Surely not as the bottom foundation.

Stringly typed stuff belongs up near the user, invoking strongly typed
stuff below.

A reasonable approach to bridge the gap between user interface stringly
typed (e.g. where an editor has a textual command interface somewhere),
and internal strongly typed, can be to use an encoding id string as a
key to a repository of converters, which then hands you a converter for
that encoding, or fails to find one.

I'm sure there's a pattern name for that.

Like inversion or some silly name like that.


> Important to me is ability to handle any input encoding (defined as
> wstring) because I want to use this functions in future versions of my
> text editor.
>
> I have two questions:
> 1. Is this possible to make it in pure C++ (stl based)?!?
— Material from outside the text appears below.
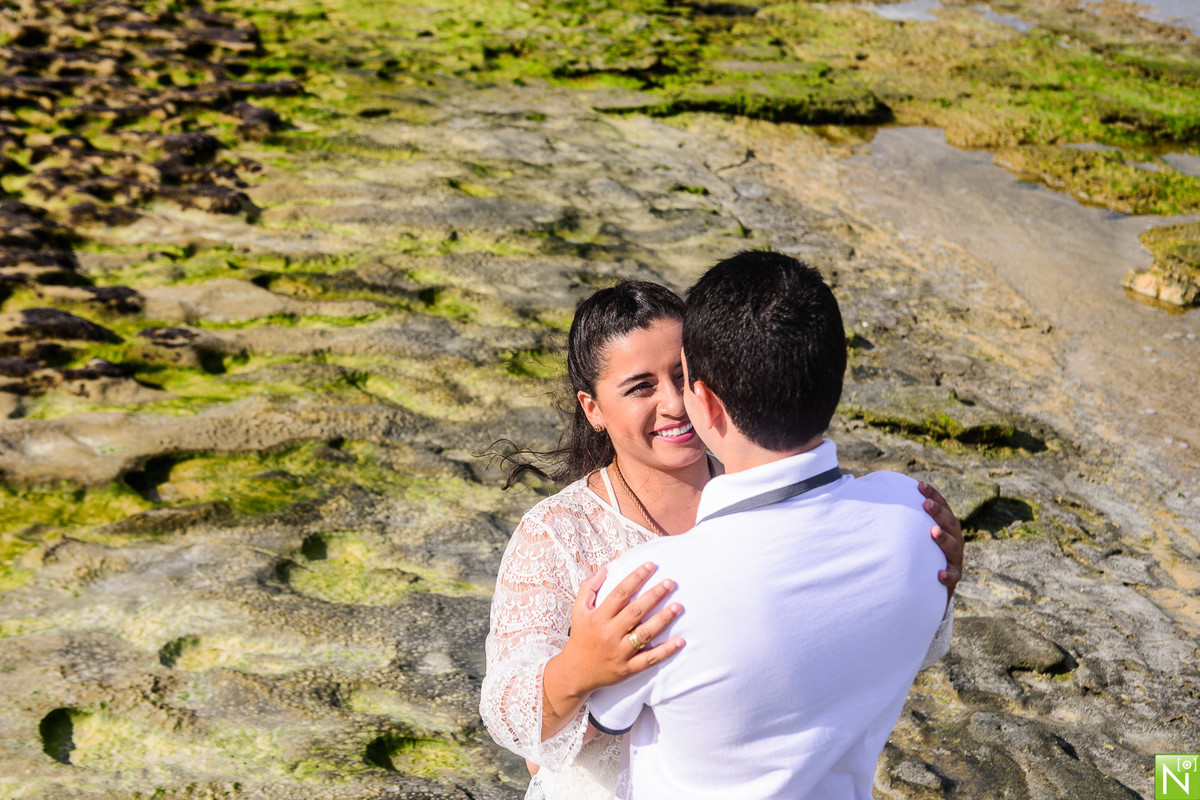 Fotógrafo-de-casamento-Maceió, Fotógrafo-Maceió, Fotógrafo-de-casamento-alagoas, Fotógrafo-de-casamento-Brasil, casamento-na-praia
Yes, but then you have to implement most all of it by yourself.

The standard library supports only two general encoding conversion:
between wide text and the locale's multibyte strings, and between the
various UTF encodings.

The latter set of conversions have been deprecated, and they do anyway
not make for very portable code if they're used directly, even though
they're still as of C++17 “standard”. E.g. g++ and MSVC differ in (1)
where they stop on detecting an input error, and (2) in the endianess
(!) of the result.


> 2. Do I have to use ICU library for this?!?

Yes, in practice.


> ad1. If so, please give me examples:
> + How to get list of all supported encodings?
> + How to convert strings in pure C++ when we know only input/output
> format?!? So I don't want example with hardcoded input/output encoding -
> I want to handle any input format and any output format (according to my
> functions).

I know what I would do: I would just start doing it.

But since I haven't done it I can't help you other than just noting that
diving into stuff like that, is in general both (1) much easier than you
thought, and (2) much more labor intensive, like orders of magnitude
more work, than you thought.

You have hereby been motivated and warned.


Cheers!,

- Alf

Sam

unread,
Aug 17, 2019, 9:15:03 AM8/17/19
to
Szyk Cech writes:

> Hello!
>
> I want to write string conversion functions:
> std::wstring <--> unsigned char
> where first is UTF-32, but second can be with any encoding.
>
> I want to have functions like this:
>
> std::wstring gRawToUnicode(std::vector<unsigned char> aString, std::wstring
> aEncoding);
> std::vector<unsigned char> gUnicodeToRaw(std::wstring aString, std::wstring
> aEncoding);
>
> Important to me is ability to handle any input encoding (defined as wstring)
> because I want to use this functions in future versions of my text editor.
>
> I have two questions:
> 1. Is this possible to make it in pure C++ (stl based)?!?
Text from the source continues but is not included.